Secondo te, il vero successo di una canzone è dovuto più: alle parole, alla musica, agli interpreti o a tutti e tre insieme? E’ dovuto anche ad altro? Per esempio alle strategie di mercato… alle capacità divulgative e persuasive dei mass media…
E’ dovuto a tutte queste cose messe insieme. Se dovessi fare una graduatoria, dando per scontata una buona promozione, privilegerei la musica e l’interprete.
Torniamo ancora agli anni ’70: Padre davvero e Mia Martini… qual è la loro relazione?
Che io l’ho scritta senza neanche conoscere Mimì e lei l’ha interpretata. Caso volle che venissimo ambedue da una situazione conflittuale con la figura paterna. Fu subito sintonia.
Che ricordo hai di Mia Martini?
Mimì era una grande artista e una donna ancora più grande.
Circa otto anni più tardi, nel 1978, hai inciso il tuo primo e unico 45 giri, dal titolo: Sai che ti dico? ma vaff…, che a causa di una parolaccia inserita nel testo è stato censurato dalla RAI. Com’è cambiato il modo di percepire e di vivere una canzone, da allora fino a oggi?
In quel periodo incisi “Esser puttane” con il mio nome, “Sai che ti dico” e “Linda Linda” con lo pseudonimo di Joe Alaria. Quest’ultima vendette bene in un paese del Sud America, non ricordo bene quale… Tornando alla tua domanda, devo dire che oggi le cose sono molto cambiate. Mandare a fare in culo qualcuno è quasi un’espressione d’affetto.
Quindi era meglio prima o è meglio ora?
Chi può dirlo? I tempi giusti, però, sono quelli che viviamo per il fatto che ci stiamo dentro. Se non ci piacciono, sta a noi cercare di cambiarli.
Tra le altre cose, hai svolto anche un’attività come educatore. Com’è stata la tua esperienza in questa veste nel carcere minorile? e quella nell’istituto per disabili psichici? Ti ha arricchito questa esperienza?
Ho imparato molto da quei ragazzi, loro hanno educato me.

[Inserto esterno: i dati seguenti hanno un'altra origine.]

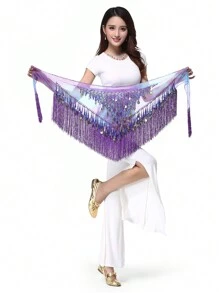 Fashion Sequin Fringe Skirt Dance Belt Skirt Belly Dance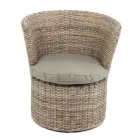 Poltroncina da Giardino in Kubù Cuscino Seduta Incluso – Calsifer Viadurini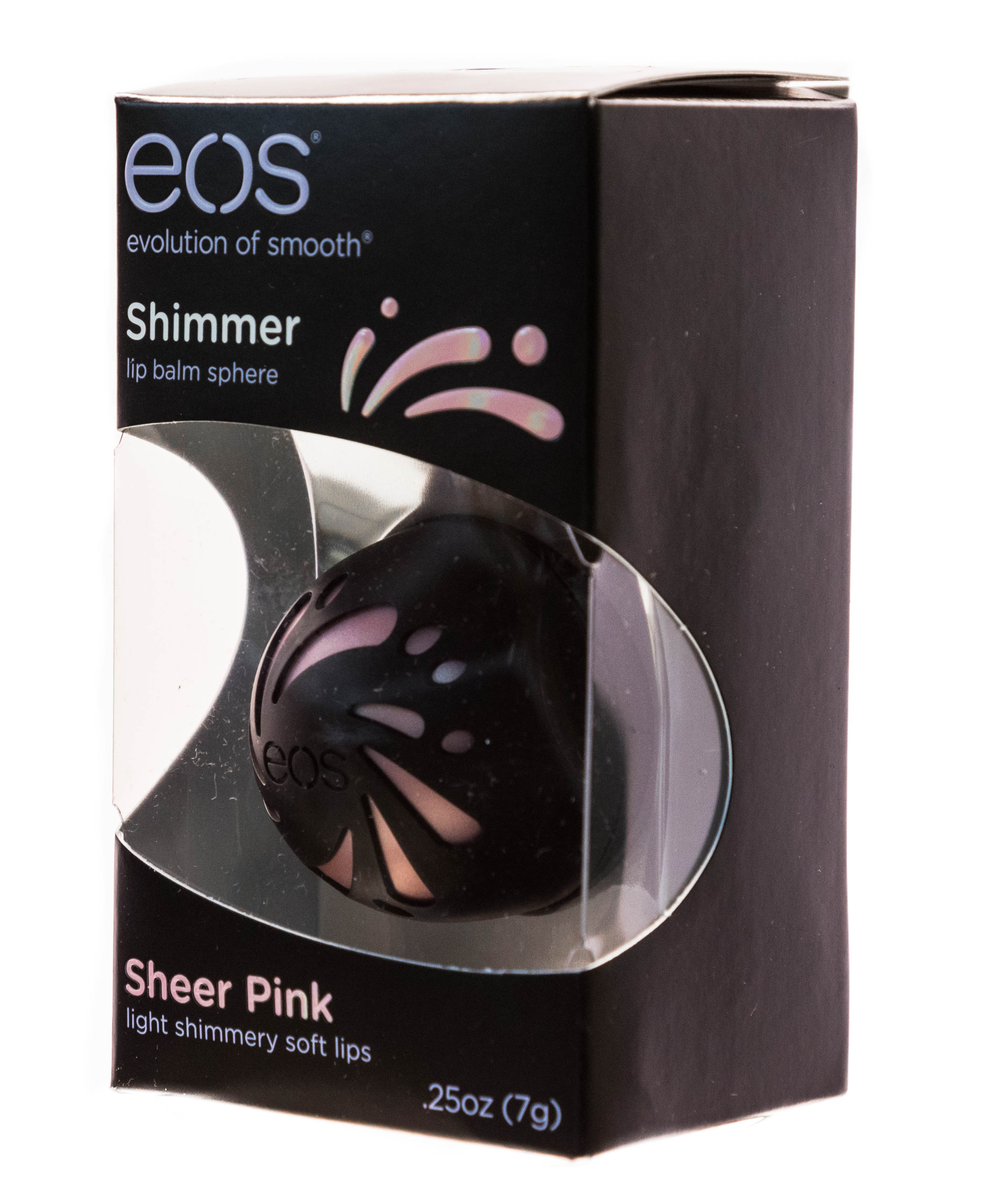 Эос Шиммерный блеск для губ Розовый Shimmer Lip Balm Sheer Pink (Eos, Lip Balm) фото 3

Torniamo al paroliere. Oggi lavori con Nek e con altri artisti. Ti soddisfa il tuo lavoro?
Per Nek ho una grandissima stima, ma ridurre le parole e i concetti a un percorso stabilito da una musica già scritta comincia ad andarmi un po’ stretto.
Dal paroliere allo scrittore: il 27 febbraio 2007 hai pubblicato il tuo primo libro autobiografico, Non ho mai scritto per Celentano. Vuoi parlarcene brevemente?
E’ un bel libro, particolare. Parla di me, della musica, di quello che mi è successo – ed è successo – in questi ultimi cinquant’anni. L’ho affidato a una piccola casa editrice, ha fatto quello che ha potuto. Poco. Il libro meritava di più.
Anche tua figlia Valentina ha scritto un libro: Io di più, di più, di più. Di più nel senso che anche lei vorrebbe fare il paroliere seguendo le orme di suo padre?
Il libro di Valentina sta ottenendo un ottimo riscontro. Se Dio vuole non pensa di scrivere testi e, se Dio vuole, privilegia lo studio a tutto. Ama molto gli animali, vuole fare veterinaria e questo è un fatto. Poi lo scrivere verrà, se deve venire. E’ quello che ti dicevo prima, non si vive più soltanto di parole.